CompTIA A_ Certification All-In-One Exam Guide, Seventh Edition - Michael Meyers [89]
10. C. That’s a little more like it. With a minor motherboard update, Jane can put those Athlon 64 X2 processors to work.
CHAPTER 6
RAM
In this chapter, you will learn how to
Identify the different types of DRAM packaging
Explain the varieties of RAM
Select and install RAM
Perform basic RAM troubleshooting
Whenever people come up to me and start professing their computer savvy, I ask them a few questions to see how much they really know. In case you and I ever meet and you decide you want to “talk tech” with me, I’ll tell you my first two questions just so you’ll be ready. Both involve random access memory (RAM), the working memory for the CPU.

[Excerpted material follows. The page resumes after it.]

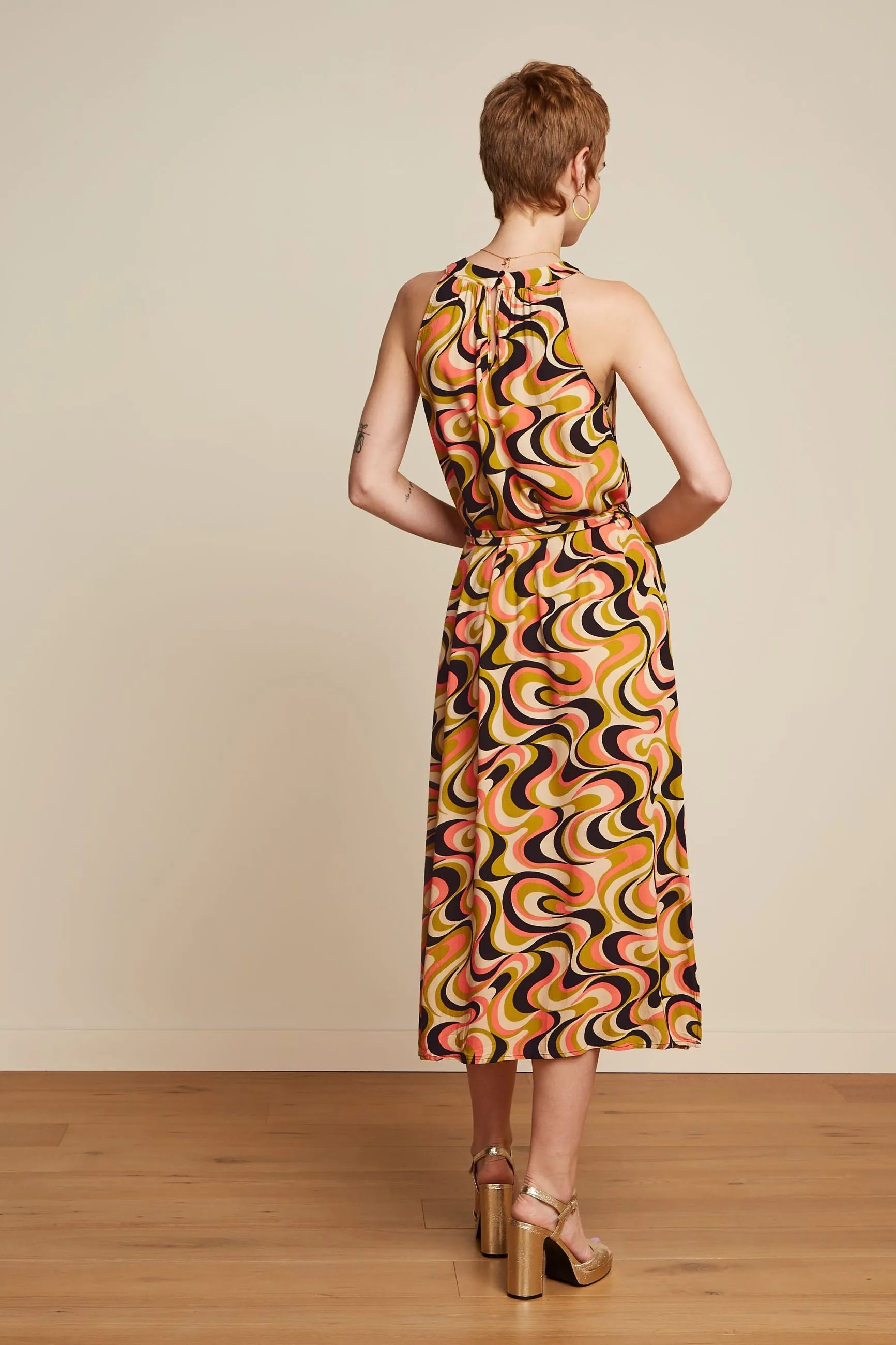 King Louie Virna  Spring Yellow Midi Dress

1. “How much RAM is in your computer?”
2. “What is RAM and why is it so important that every PC has some?”
Can you answer either of these questions? Don’t fret if you can’t—you’ll know how to answer both of them before you finish this chapter. Let’s start by reviewing what you know about RAM thus far.
* * *
EXAM TIP The CompTIA A+ certification domains use the term memory to describe the short-term storage used by the PC to load the operating system and running applications. The more common term in the industry is RAM, for random access memory, the kind of short-term memory you’ll find in every computer. More specifically, the primary system RAM is dynamic random access memory (DRAM). For the most part, this book uses the terms RAM and DRAM.
When not in use, programs and data are held in mass storage, which usually means a hard drive but could also mean a USB thumb drive, a CD-ROM, or some other device that can hold data when the computer is turned off. When you load a program by clicking an icon in Windows, the program is copied from the mass storage device to RAM and then run (Figure 6-1).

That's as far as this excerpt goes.